Secondo il Giudice Collegiale dell’udienza preliminare del Tribunale di Ancona, la norma censurata sarebbe in contrasto con gli artt. 111 commi, 2 e 5, 101 comma 1, atteso che la conclusione del giudizio in sede di udienza preliminare con la pronuncia di una condanna a pena pecuniaria o sostitutiva ma comunque ridotta della metà, presuppone l’iniziativa in tal senso del pubblico ministero, che, avanzando di seguito richiesta di rinvio a giudizio, determinerebbe la prosecuzione del procedimento, con un risvolto sanzionatorio, se accertata la responsabilità che non comporterebbe affatto la riduzione della pena fino alla metà.

In seno all’art. 32 comma 2 non è previsto un parallelo potere del difensore e dell’imputato alla definizione con condanna, o quantomeno un potere del giudice ex officio di pronunciare  una sentenza di condanna. Alla luce di tali presupposti argomentativi, il giudice rimettente ha riconosciuto la incompatibilità della norma con il principio di contraddittorio nella formazione della prova previsto dall’art. 111 comma 2, che subordina la conclusione del procedimento senza il contraddittorio ed il dibattimento al consenso dell’imputato o alle ipotesi di oggettiva impossibilità. Talaltro il passaggio del procedimento all’ulteriore fase del giudizio comporta la menomazione del principio della ragionevole durata, determinando un ingiustificato allungamento dei tempi di conclusione in procedimenti che potrebbero per la loro entità facilmente trovare sbocco nella fase dell’udienza preliminare. Ed ancora verrebbe leso il principio della parità delle parti, in quanto sarebbe privilegiata la posizione della pubblica accusa, che in tale ipotesi, optando per il rinvio a giudizio, precluderebbe all’imputato minorenne di ottenere una condanna ad una pena ridotta della metà. Secondo la soluzione interpretativa adottata, la norma censurata configgerebbe anche con l’art. 101 comma 2, nella parte in cui il giudice, pur essendo soggetto soltanto alla legge, nulla potrebbe sindacare in merito alla scelta del pm di chiedere il rinvio a giudizio.

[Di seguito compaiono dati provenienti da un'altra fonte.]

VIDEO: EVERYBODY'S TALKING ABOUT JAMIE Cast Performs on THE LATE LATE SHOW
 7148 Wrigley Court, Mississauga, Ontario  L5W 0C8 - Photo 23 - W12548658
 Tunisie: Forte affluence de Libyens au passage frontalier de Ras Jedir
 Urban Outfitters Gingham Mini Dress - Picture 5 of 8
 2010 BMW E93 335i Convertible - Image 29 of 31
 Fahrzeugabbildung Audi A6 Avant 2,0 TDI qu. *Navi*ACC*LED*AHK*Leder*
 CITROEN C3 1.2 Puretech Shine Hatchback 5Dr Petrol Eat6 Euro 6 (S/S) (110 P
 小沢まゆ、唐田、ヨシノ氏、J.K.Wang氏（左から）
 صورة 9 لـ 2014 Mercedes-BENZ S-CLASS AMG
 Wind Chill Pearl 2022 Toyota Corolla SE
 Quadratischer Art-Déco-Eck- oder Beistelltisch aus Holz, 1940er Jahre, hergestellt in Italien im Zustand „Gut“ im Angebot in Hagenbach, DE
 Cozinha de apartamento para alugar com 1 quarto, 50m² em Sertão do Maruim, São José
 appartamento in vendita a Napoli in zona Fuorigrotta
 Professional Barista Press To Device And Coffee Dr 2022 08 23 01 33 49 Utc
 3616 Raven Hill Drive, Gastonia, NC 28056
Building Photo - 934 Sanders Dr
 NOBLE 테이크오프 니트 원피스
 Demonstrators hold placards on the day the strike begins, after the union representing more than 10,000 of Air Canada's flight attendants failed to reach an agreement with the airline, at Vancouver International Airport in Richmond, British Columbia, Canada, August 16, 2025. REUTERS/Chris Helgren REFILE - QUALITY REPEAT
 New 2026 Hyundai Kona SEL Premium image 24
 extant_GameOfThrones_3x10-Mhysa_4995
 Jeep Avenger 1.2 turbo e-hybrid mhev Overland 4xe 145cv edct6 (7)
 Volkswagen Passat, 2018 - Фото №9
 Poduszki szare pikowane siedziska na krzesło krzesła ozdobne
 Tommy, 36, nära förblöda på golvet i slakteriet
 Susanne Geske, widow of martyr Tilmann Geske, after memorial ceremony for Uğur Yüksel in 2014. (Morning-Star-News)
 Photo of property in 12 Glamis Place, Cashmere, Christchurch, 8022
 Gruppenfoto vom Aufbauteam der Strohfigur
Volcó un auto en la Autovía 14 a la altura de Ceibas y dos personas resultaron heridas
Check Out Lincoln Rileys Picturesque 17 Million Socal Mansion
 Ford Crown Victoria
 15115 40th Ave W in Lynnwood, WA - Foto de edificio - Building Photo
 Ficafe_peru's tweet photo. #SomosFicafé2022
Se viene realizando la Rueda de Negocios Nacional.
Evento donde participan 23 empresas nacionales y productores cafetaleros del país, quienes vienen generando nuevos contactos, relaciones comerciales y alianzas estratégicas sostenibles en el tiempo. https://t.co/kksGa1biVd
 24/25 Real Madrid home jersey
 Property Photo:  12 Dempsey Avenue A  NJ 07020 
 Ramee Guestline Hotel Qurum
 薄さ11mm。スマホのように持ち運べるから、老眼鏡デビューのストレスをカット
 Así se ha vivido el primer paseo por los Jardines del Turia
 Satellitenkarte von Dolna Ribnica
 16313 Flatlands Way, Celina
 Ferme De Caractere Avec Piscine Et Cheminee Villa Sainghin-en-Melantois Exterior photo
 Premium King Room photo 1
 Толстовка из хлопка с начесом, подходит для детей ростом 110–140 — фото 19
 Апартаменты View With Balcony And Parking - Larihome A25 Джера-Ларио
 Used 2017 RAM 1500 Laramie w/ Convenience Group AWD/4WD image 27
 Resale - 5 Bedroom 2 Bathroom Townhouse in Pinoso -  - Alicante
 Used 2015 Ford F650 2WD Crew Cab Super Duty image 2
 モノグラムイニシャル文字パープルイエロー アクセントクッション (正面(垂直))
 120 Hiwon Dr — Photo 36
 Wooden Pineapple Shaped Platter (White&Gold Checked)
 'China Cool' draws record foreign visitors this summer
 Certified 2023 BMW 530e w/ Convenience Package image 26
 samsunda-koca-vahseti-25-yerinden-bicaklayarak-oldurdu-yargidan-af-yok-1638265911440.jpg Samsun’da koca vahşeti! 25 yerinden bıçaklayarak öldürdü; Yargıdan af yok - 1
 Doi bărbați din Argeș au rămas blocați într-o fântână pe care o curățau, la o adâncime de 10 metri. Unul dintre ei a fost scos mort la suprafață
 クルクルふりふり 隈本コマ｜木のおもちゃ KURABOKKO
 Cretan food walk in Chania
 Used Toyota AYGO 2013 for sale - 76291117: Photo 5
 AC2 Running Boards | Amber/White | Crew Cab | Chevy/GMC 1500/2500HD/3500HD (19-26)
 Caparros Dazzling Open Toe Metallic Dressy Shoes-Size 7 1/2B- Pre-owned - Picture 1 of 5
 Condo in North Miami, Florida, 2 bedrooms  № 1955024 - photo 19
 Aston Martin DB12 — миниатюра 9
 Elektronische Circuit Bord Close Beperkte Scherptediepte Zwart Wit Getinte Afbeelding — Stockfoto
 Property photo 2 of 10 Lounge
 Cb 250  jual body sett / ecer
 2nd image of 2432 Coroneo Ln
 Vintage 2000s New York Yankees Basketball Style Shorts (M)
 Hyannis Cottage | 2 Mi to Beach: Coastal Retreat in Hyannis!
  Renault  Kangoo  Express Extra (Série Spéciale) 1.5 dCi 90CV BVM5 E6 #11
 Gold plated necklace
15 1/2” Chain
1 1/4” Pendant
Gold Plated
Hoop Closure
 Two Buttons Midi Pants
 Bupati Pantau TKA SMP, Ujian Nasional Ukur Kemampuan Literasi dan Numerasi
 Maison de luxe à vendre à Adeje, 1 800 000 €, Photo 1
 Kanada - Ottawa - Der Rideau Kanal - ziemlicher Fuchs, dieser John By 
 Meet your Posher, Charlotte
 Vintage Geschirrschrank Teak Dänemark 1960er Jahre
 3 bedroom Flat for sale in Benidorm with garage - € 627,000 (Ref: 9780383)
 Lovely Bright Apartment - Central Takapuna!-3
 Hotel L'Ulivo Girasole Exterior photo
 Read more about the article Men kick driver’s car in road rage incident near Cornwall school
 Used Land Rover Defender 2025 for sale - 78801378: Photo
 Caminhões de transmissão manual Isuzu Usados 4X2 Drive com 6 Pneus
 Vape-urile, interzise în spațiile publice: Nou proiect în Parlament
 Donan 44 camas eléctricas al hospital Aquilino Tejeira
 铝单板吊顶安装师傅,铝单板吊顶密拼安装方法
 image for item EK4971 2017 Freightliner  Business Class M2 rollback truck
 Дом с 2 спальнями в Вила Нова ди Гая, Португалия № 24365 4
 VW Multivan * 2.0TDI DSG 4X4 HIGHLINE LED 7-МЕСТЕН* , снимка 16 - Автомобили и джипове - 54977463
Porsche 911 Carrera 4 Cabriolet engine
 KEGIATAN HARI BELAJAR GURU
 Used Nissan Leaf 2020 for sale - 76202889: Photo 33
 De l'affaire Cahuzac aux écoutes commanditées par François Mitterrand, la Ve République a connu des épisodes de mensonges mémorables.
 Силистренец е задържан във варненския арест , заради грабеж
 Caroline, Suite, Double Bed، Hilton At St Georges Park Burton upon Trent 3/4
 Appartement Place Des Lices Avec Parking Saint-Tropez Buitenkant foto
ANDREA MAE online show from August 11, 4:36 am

La Corte Costituzionale boccia come inammissibile la questione di legittimità dell’art. 32 comma 2 del d.p.r. 1988/448 per indeterminatezza del petitum, atteso che trattandosi di una questione di legittimità che richiede una pronuncia additiva o manipolativa, non è tracciata la soluzione alternativa. Ed ancora la Corte Costituzionale non accoglie le istanze del rimettente, non rinvenendo, così come prospettato alcuna contraddittorietà tra i principi costituzionali e la norma censurata.